Figure 5. Aly/REF and UAP56 depletion inhibits M1 and M2 mRNA nuclear export and mediates speckle dependent M1 to M2 splicing enhancement

(a and b) A549 cells were transfected with control siRNA, Aly/REF siRNA, or UAP56 siRNA. After 48h, cells were infected with WSN at MOI 10 for 6h. M1 (a) and M2 (b) mRNA labeling was performed by RNA-FISH. Nuclear speckles were marked with SON antibody. (c and d) Distribution of M1 (c) and M2 (d) mRNAs in the cytoplasm, nucleoplasm, and nuclear speckles was quantified as in Supplementary Figure 3a. Intensity sum in each compartment was normalized to the general fluorescence intensity in the cell. Values obtained from cells transfected with control siRNA were set to 1 and the relative fold changes in Aly/REF and UAP56 siRNA transfected cells are shown. Values are mean ± s.d. of at least 9 cells that were analyzed for each condition. (e) RT-qPCR quantification of M2/M1 mRNA ratio in cells transfected with control siRNA, Aly/REF siRNA, or UAP56 siRNA and infected for 6h. Values are mean of ratios ± s.d. from 3 independent experiments. (f) A549 cells were treated with 100 nM meayamycin or 0.1% DMSO (control) for 2h and infected with WSN at MOI 10 for 1h. Virus was removed and 100 nM meayamycin or 0.1% DMSO was added for 3h. Cells were subjected to RNA-FISH. Nuclear speckles were marked with SON antibody. (g) A549 cells were transfected with control siRNA or Aly/REF siRNA. After 48h, cells were processed as in f. (h) M mRNA intensities at nuclear speckles in cells treated as in g were quantified. M mRNA signal at speckles was normalized to the average speckle volume measured within each cell. Values obtained from cells transfected with Aly/REF siRNA (control)were set to 1 and the relative fold changes in meayamycin treated cells depleted of Aly/REF are shown. Values are mean ± s.d. of at least 9 cells that were analyzed for each condition. Images shown in a,b,f and g are representative of three independent experiments. All insets are enlargement of nuclear speckle areas. All scale bars = 10µm.

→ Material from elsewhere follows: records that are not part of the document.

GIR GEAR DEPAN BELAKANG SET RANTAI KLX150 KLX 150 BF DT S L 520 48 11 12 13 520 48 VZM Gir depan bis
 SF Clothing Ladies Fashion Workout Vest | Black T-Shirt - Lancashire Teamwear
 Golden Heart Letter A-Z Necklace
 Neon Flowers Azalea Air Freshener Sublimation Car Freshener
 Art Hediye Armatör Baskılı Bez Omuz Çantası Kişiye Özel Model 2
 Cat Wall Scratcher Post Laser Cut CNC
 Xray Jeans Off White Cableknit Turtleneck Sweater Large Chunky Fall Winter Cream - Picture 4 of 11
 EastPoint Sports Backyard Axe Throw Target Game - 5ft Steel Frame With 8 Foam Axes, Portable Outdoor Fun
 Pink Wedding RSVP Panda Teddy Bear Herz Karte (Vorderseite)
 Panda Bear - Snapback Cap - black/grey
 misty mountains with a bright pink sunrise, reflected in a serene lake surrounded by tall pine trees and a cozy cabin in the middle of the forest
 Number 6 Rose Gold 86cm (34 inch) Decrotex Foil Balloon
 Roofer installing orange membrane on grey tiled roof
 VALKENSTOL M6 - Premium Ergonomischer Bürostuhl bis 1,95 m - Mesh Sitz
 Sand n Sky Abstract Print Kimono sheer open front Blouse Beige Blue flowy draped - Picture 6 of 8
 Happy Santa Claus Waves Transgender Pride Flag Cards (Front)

Figure 6. Nuclear Speckle Assembly Factor SON Interacts with M1 mRNA and Mediators of M1 mRNA Splicing

(a) VERO cells were transfected with control siRNA, Aly/REF siRNA, or UAP56 siRNA. After 48h, cells were infected with WSN (a) or WSN ΔNS1(b) at MOI 10 for 6h. Cells were then fixed for M mRNA labeling by RNA-FISH. Nuclear speckles were marked with SON antibody. Insets are enlargement of areas showing nuclear speckles. Images shown in a and b are representative of three independent experiments. Scale bar = 10µm. (c) Accumulation of M mRNA at nuclear speckles was quantified and compared between WSN and WSN ΔNS1 infected cells transfected with siRNA as in a and b. Values are mean ± s.d. of at least 11 cells that were analyzed in each treatment. p.i.- post infection. (d) RT-qPCR quantification of M2/M1 mRNA ratio in VERO cells transfected with control siRNA, Aly/REF siRNA, or UAP56 siRNA and infected for 6h with WSN or WSN ΔNS1 at MOI 1. The average M2/M1 mRNA ratio from control siRNA transfected cells infected with WSN (M2/M1 mRNA = 0.495) was set to 1 and the relative average M2/M1 ratio at the depicted conditions are shown. Values are mean ± s.d. from three independent experiments. ** T test p value < 0.01. (e–g) Cell extracts from uninfected or infected A549 cells treated with RNase inhibitor (RNasin) or with RNase A were subjected to immunoprecipitations with antibodies specific to NS1-BP or SON. Immunoprecipitates (Bound) and unbound fractions were subjected to western blot using antibodies specific to the depicted proteins. (h–i) SON binds directly to M1 mRNA. The entire M1 mRNA was radiolabeled uniformly at C residues, incubated with JSL1 nuclear extract under splicing conditions, crosslinked with 254 nm light and digested with RNase. The reaction was then either resolved by SDS-PAGE (25% Total) or incubated in separate reactions with the antibodies indicated (IP: anti-). Total reaction or immunoprecipitated proteins were resolved by SDS-PAGE. (j) Model for influenza virus M1 mRNA trafficking and splicing. Data shown in e–i are representative of three independent experiments.